Machiavelli, of course, insists that a ruler be an actor, a dissembler who appears to act in the interest of the good while actually contriving to maintain and extend his power by any means necessary. Richard's ascent to power is grounded in his acting artistry, in his ability to fabricate reality, to create a world of illusion that others accept as real. He turns his world into a stage, history into a play which he creates. But similarly, his failure is an artistic one. Shakespeare's Richard violates the basic laws of mimesis; he distorts the world so out of shape in his play-acting that the artificiality of it becomes only too clear. By the time he has become king, he simply is no longer fooling anyone. Instead of adapting himself to a part dictated by the precarious political conditions he encounters, Richard attempts to re-shape these conditions in terms of the part he craves to play. No artist is more powerful than his materials, and Richard's attempt to be so leads to his destruction at their hands. Richard's theatricality, through which he manifests his strength, is also his essential political weakness, because he believes the momentary illusion of reality that he creates by acting can be extended through time over the real sources of political power.

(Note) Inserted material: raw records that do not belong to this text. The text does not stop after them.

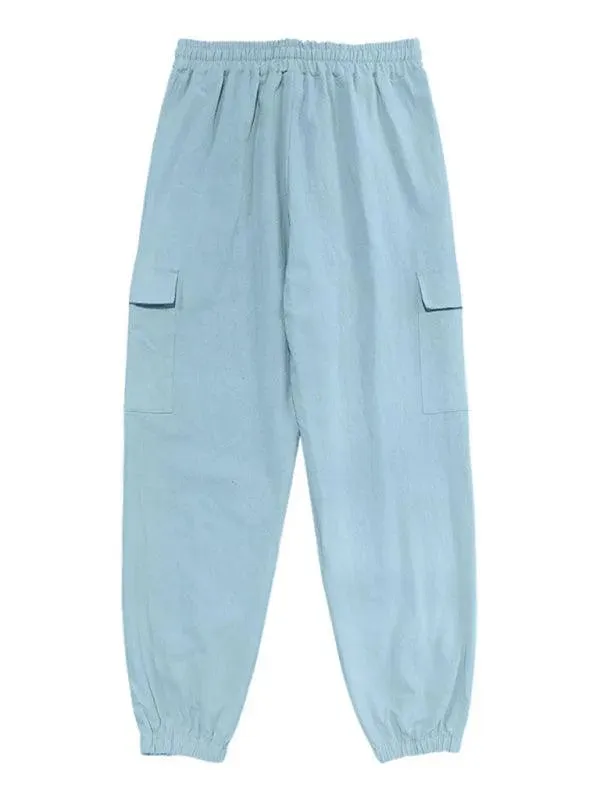 Casual Multi-Pocket Drawstrings Pants
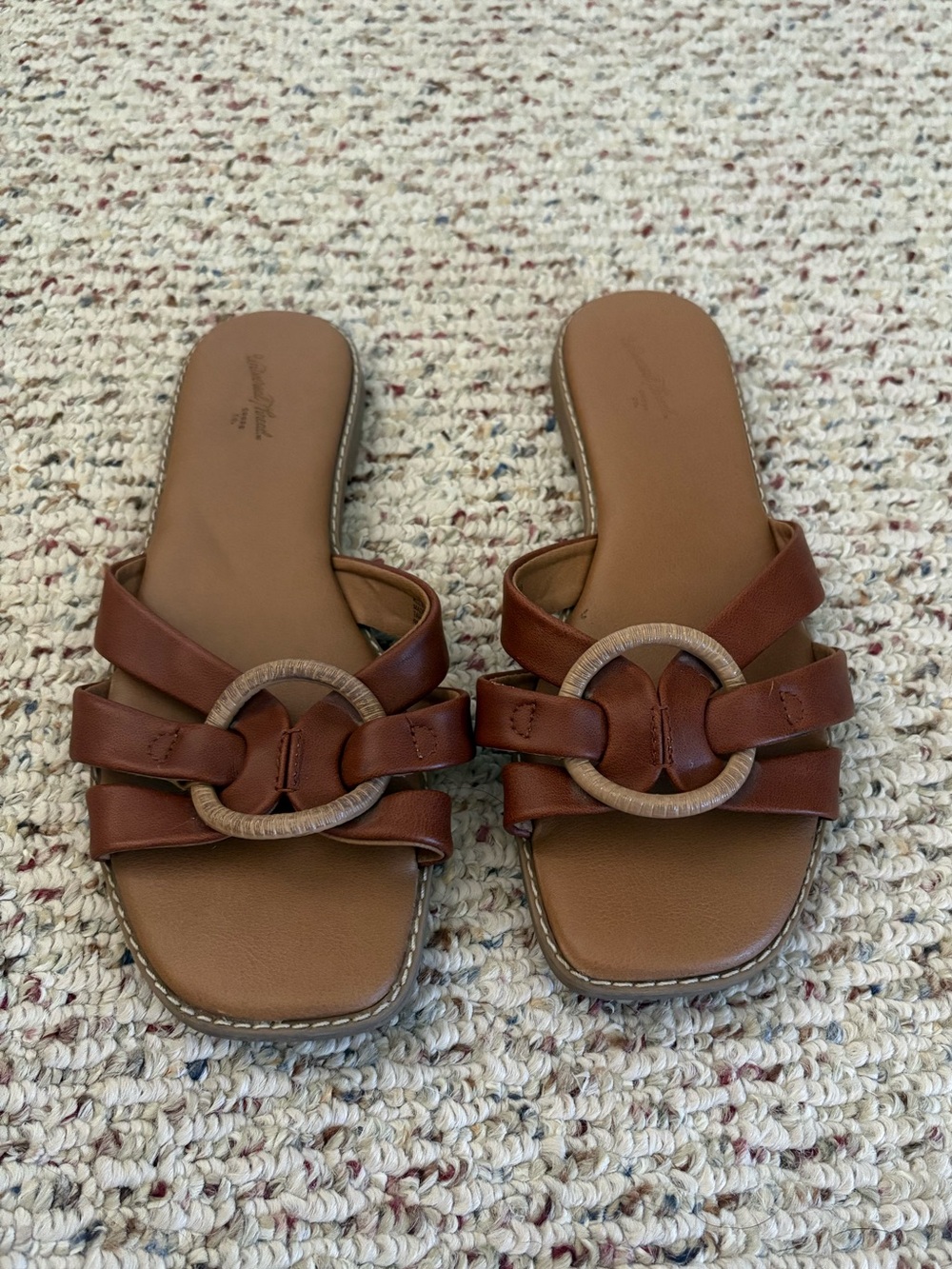 Universal Thread Brown Leather Slide Mules with Ring Accent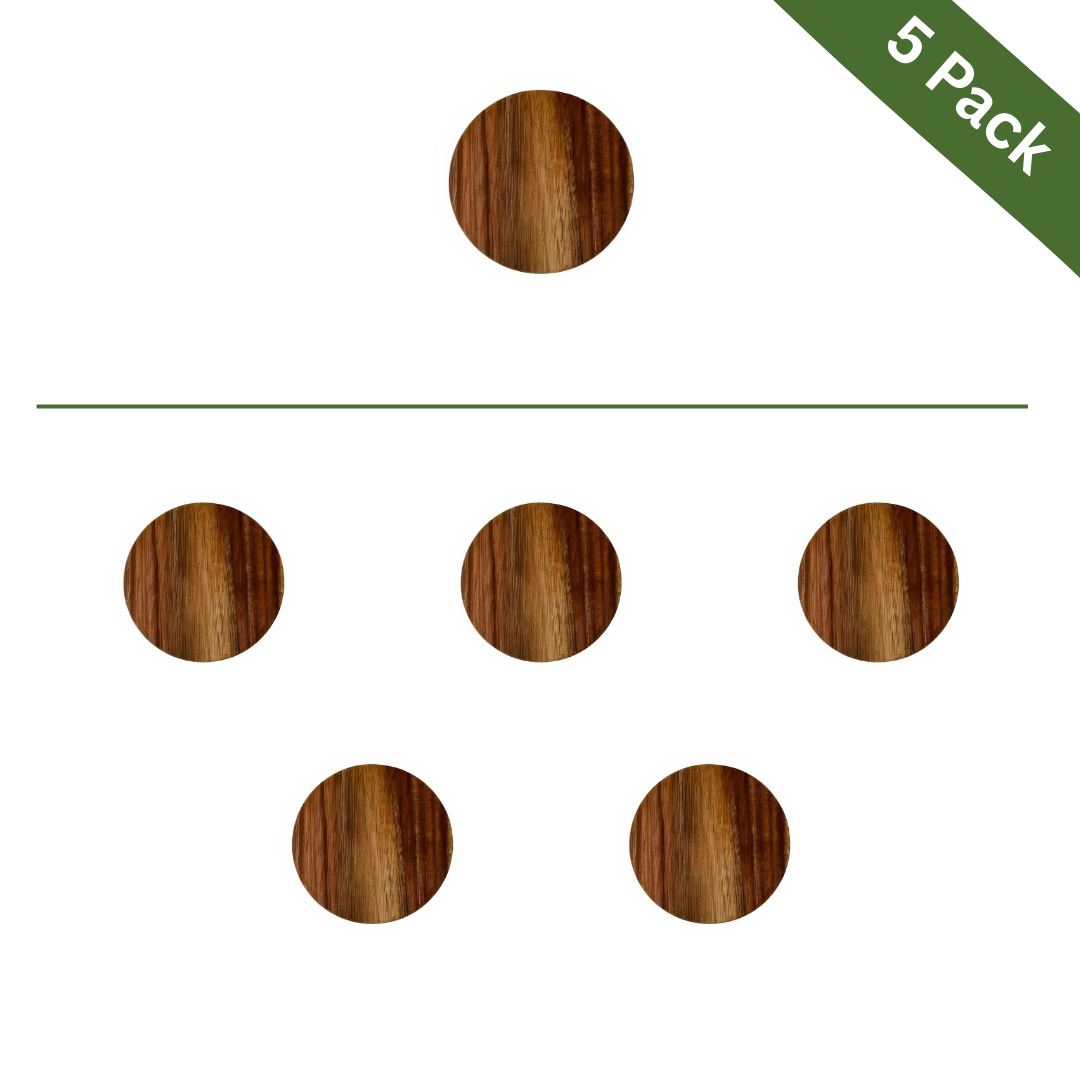 Acacia Coaster Round, 5-Pack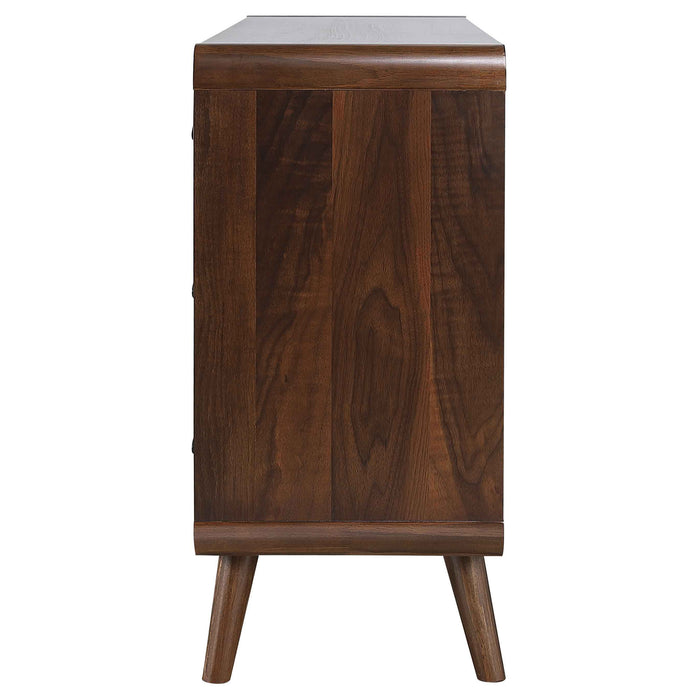 Dark walnut Robyn 6-drawer bedroom dresser by CoasterEssence showing sleek wooden finish and spacious storage drawers.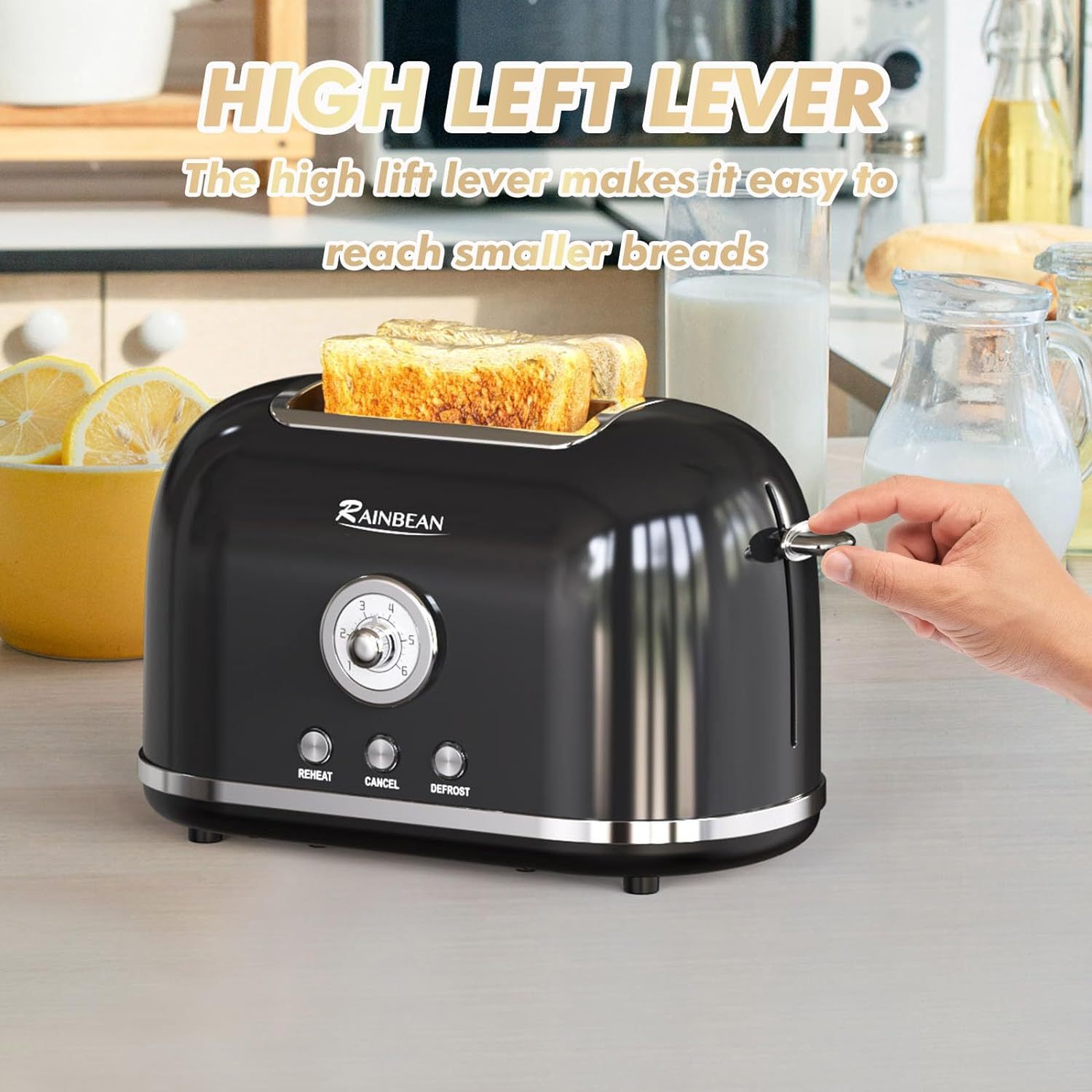 NEW Toaster 2 Slice Retro Toaster Stainless Steel With 6 Bread Shade Settings And Bagel Cancel Defrost Reheat Function, Cute Bread Toaster With Extra Wide Slot And Removable Crumb Tray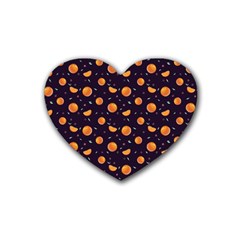 Oranges Rubber Heart Coaster (4 Pack) by SychEva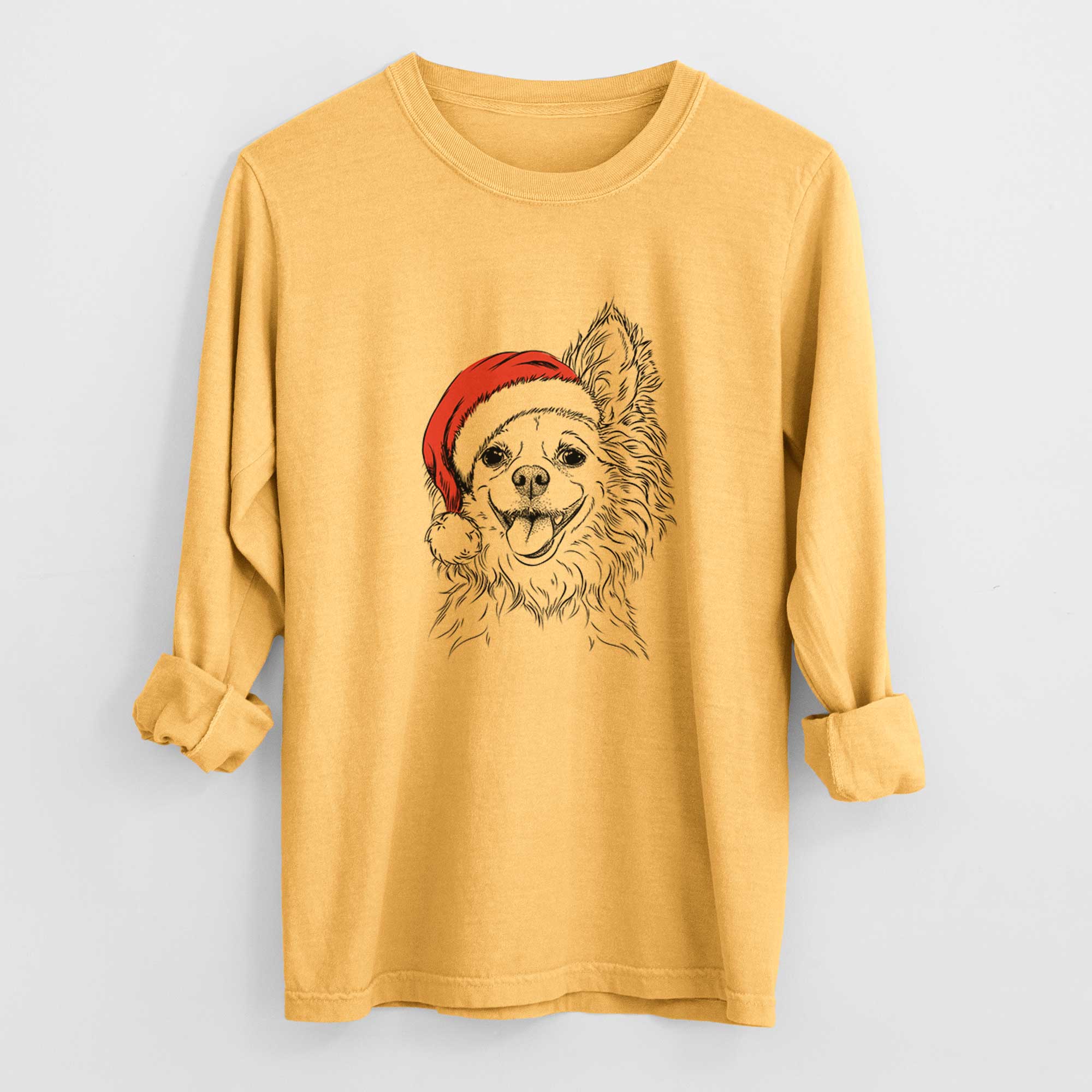 Santa Jasper the Pomchi - Heavyweight 100% Cotton Long Sleeve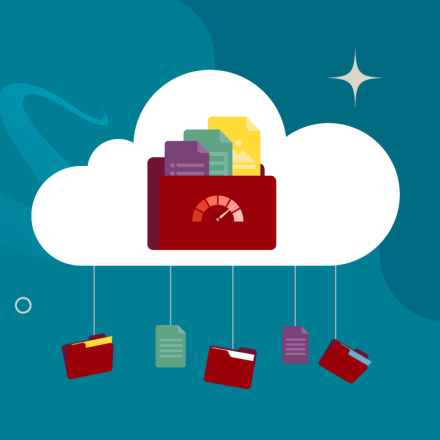 Graphic illustration of a cloud and folders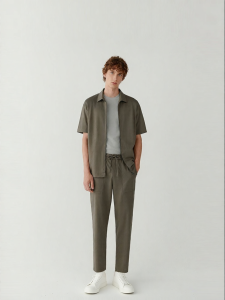 ICICLE | Elastic Cotton Knitted Drawstring Tapered Pants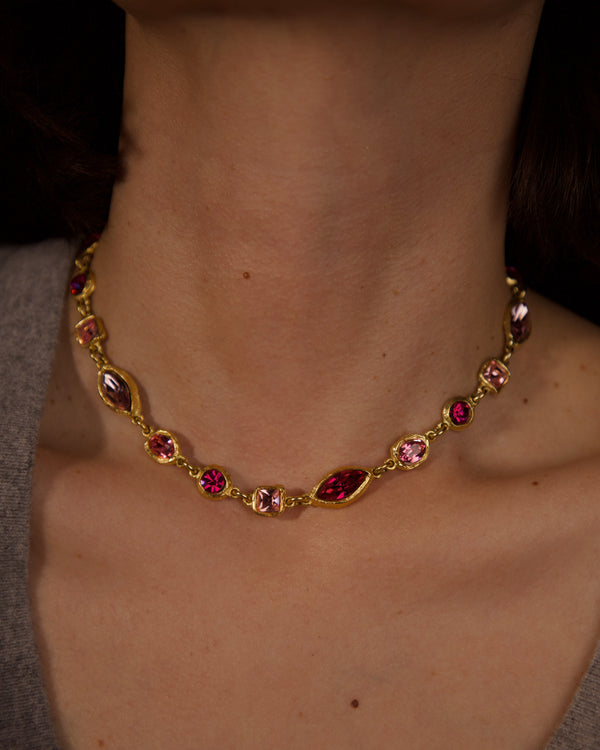Vintage Rambaud Pink & Lavender Bezeled Tennis Necklace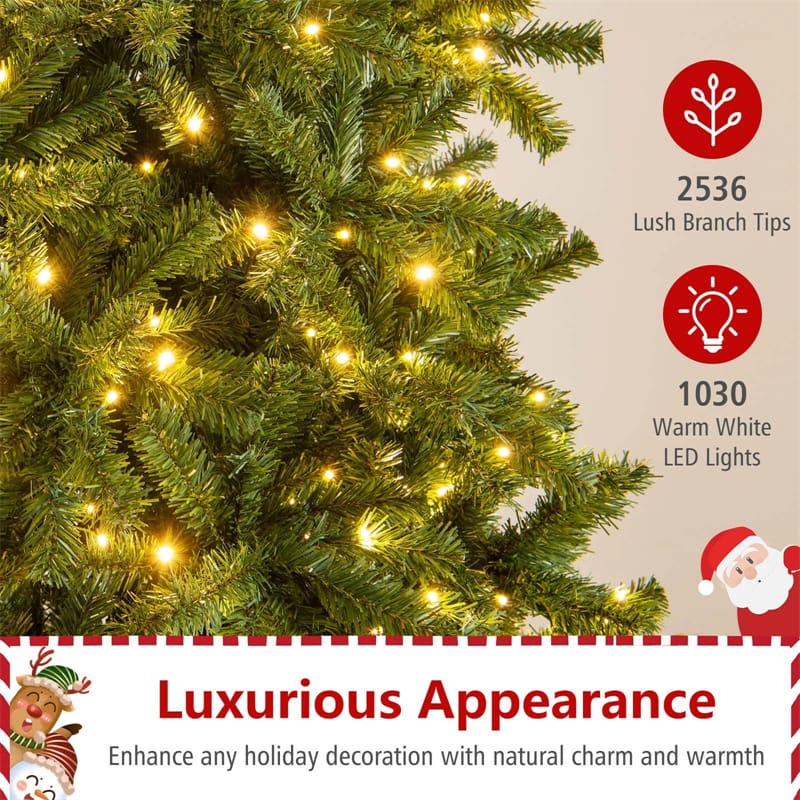 Eletriclife 12 FT Pre-Lit Artificial Christmas Tree with Quick Power Connector & 1030 Warm White LED Lights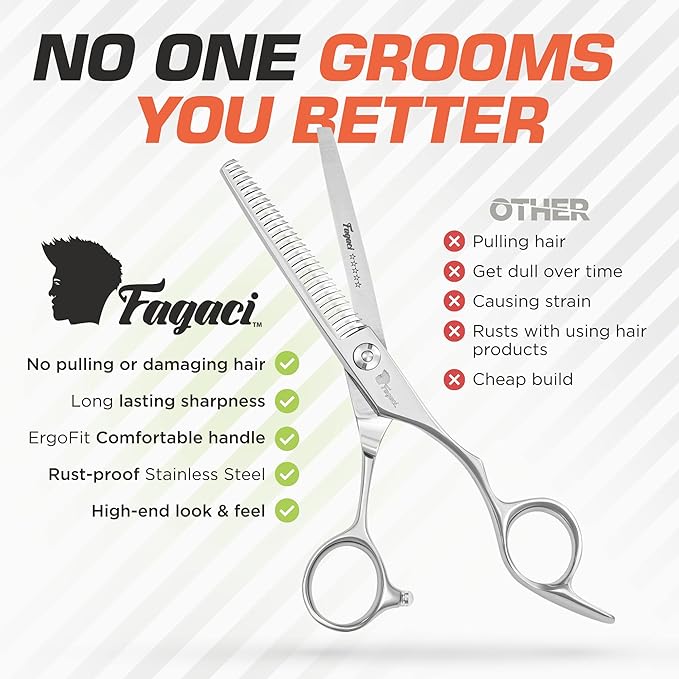 Fagaci Hair Thinning Scissors 6" with 440C Steel, Extreme Sharpness & Precise Cuts Texturizing Shears, Professional Hair Scissors, Barber Scissors Set, Slim Blades Texturizing Scissors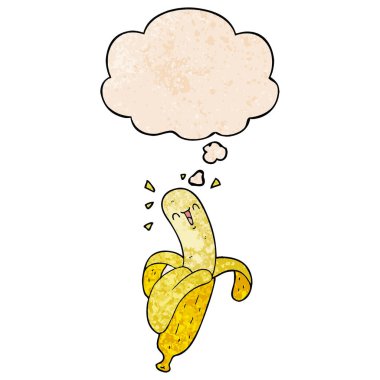 karikatür muz ve grunge doku desen stil düşünce balonu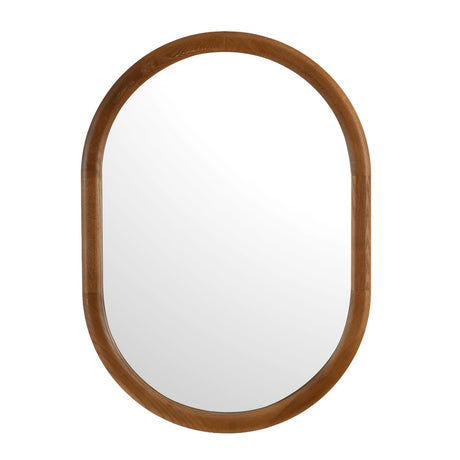 Decorative Oval Wall Mirror- Dark Walnut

Just as Richard's relations to the external world are focused through his role as actor, so are his relations to himself. The vice role allows him to avoid facing the complicating demands of his inner self, and is essential to the defensive structure of his character. As Hazlitt saw, Richard uses his talents and his drive for power "to shield himself from remorse. . . . "14 Richard feels, as do most men, a need for power, a need for love, and a bondage to conscience. Rather than attempt a working compromise of these inner demands, Richard strives for an identity built solely around an unmitigated drive for power. He substitutes sadistic violence for the need for love; he transforms shame for his own deformity into disgust for others. The guilt that such an inversion arouses is consciously warded off through a total commitment to sadistic aggression, although this maneuver divides Richard against himself. He is fierce and cunning in the manipulation of others, but as his queen tells us, at night he has "timorous dreams."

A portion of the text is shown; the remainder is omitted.